# [What is being asked]
For this exercise, reproduce each entry below exactly, excluding pictures.

# [Brief descriptive captions]

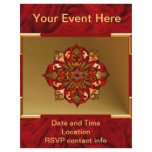 Red Hanukkah Mandala Full Color Flyer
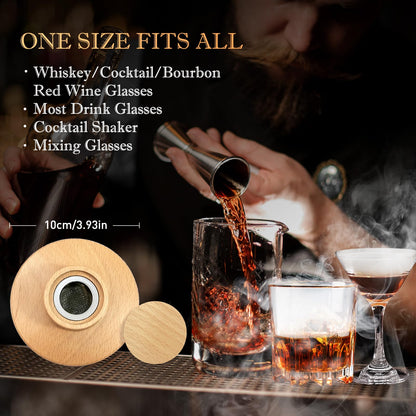 Fathers Day Gift Ideas for Husband, Gifts for Men Whisky Smoker Kit for Bourbon, Anniversary Birthday Gift for Dad Him Husband Grandpa, 6 Flavors Wood Chips for Old Fashioned Smoker Kit (No Butane)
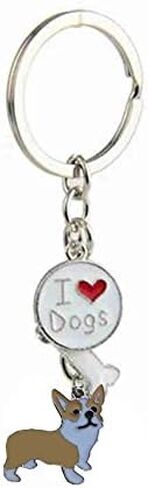 Lover Dog Keychain Dog ID Tags Love Pendant puppy Key-Ring for Great Gift for a Dog Lover Dog Condolences Gifts in Saudi Arabia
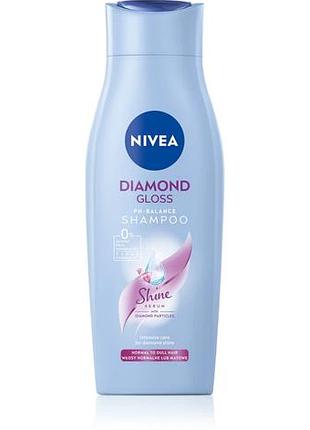 Шампунь-догляд для втомленого та тьмяного волосся nivea diamond gloss 400мл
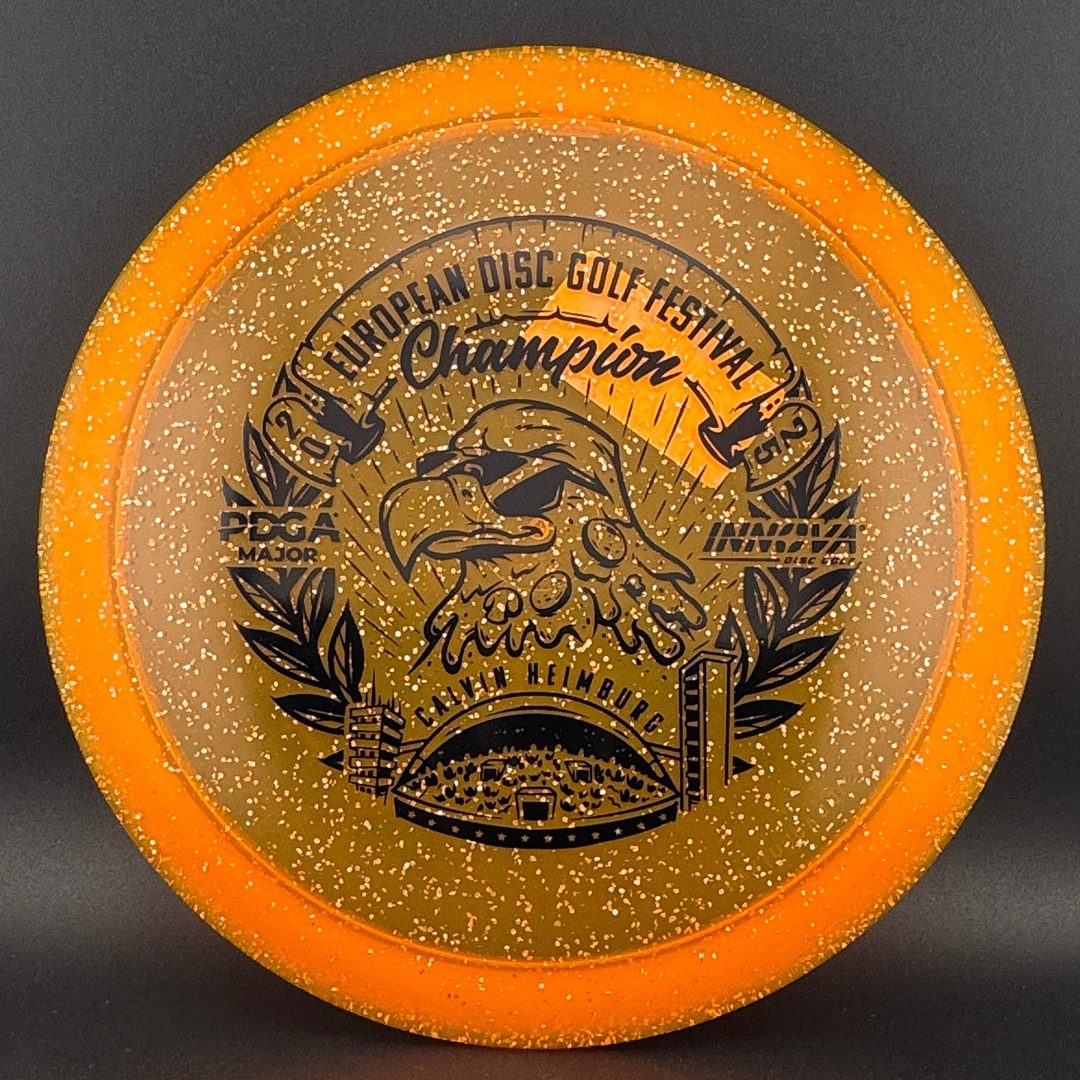 Metal Flake Champion Eagle - Calvin Heimburg 2025 EU Festival Champion Innova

# [Exercise solution]
 Red Hanukkah Mandala Full Color Flyer
 Fathers Day Gift Ideas for Husband, Gifts for Men Whisky Smoker Kit for Bourbon, Anniversary Birthday Gift for Dad Him Husband Grandpa, 6 Flavors Wood Chips for Old Fashioned Smoker Kit (No Butane)
 Lover Dog Keychain Dog ID Tags Love Pendant puppy Key-Ring for Great Gift for a Dog Lover Dog Condolences Gifts in Saudi Arabia
 Шампунь-догляд для втомленого та тьмяного волосся nivea diamond gloss 400мл
 Metal Flake Champion Eagle - Calvin Heimburg 2025 EU Festival Champion Innova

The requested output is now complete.